BEGIN

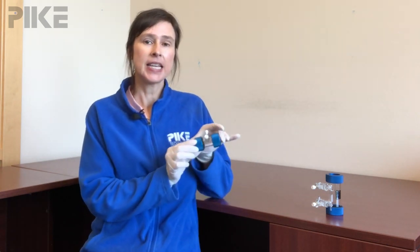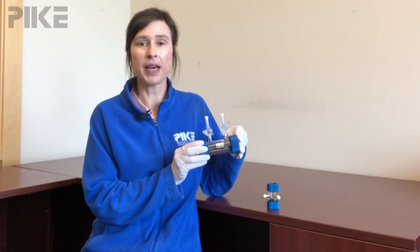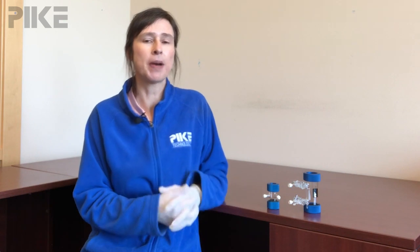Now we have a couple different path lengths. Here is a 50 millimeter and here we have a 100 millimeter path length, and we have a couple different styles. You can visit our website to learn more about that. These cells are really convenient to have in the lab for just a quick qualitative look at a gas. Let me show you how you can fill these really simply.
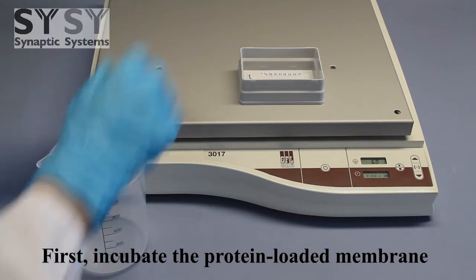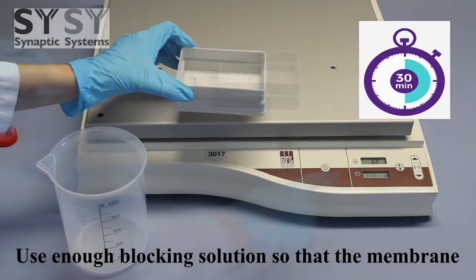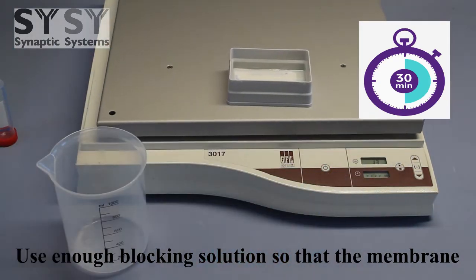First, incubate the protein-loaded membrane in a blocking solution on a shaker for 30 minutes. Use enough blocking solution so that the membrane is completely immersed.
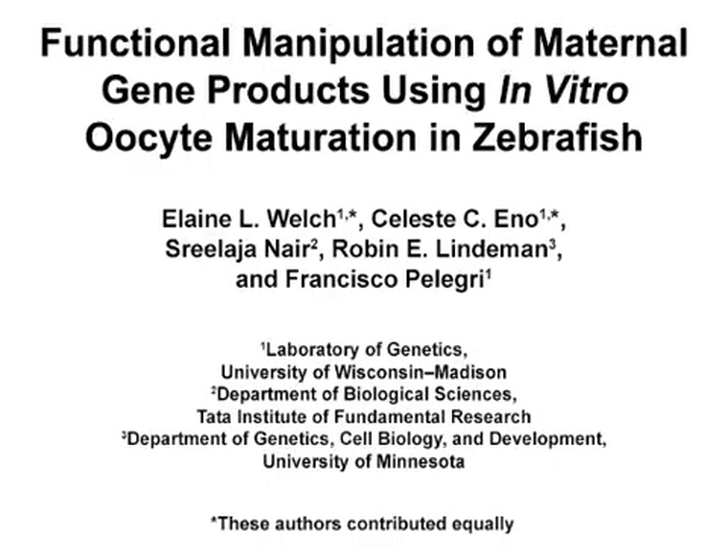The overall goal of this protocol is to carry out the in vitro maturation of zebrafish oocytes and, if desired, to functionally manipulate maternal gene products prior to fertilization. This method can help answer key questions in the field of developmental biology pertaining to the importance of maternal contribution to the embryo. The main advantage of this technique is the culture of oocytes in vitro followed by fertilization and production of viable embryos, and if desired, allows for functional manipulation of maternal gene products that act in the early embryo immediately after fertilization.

END

HOW TO COMPLETE THIS TASK =>
Exactly the lines from the one with "First, incubate the" through the end of the listing above are to be repeated, with no pictures.

COMPLETED TASK =>
First, incubate the protein-loaded membrane in a blocking solution on a shaker for 30 minutes. Use enough blocking solution so that the membrane is completely immersed.
The overall goal of this protocol is to carry out the in vitro maturation of zebrafish oocytes and, if desired, to functionally manipulate maternal gene products prior to fertilization. This method can help answer key questions in the field of developmental biology pertaining to the importance of maternal contribution to the embryo. The main advantage of this technique is the culture of oocytes in vitro followed by fertilization and production of viable embryos, and if desired, allows for functional manipulation of maternal gene products that act in the early embryo immediately after fertilization.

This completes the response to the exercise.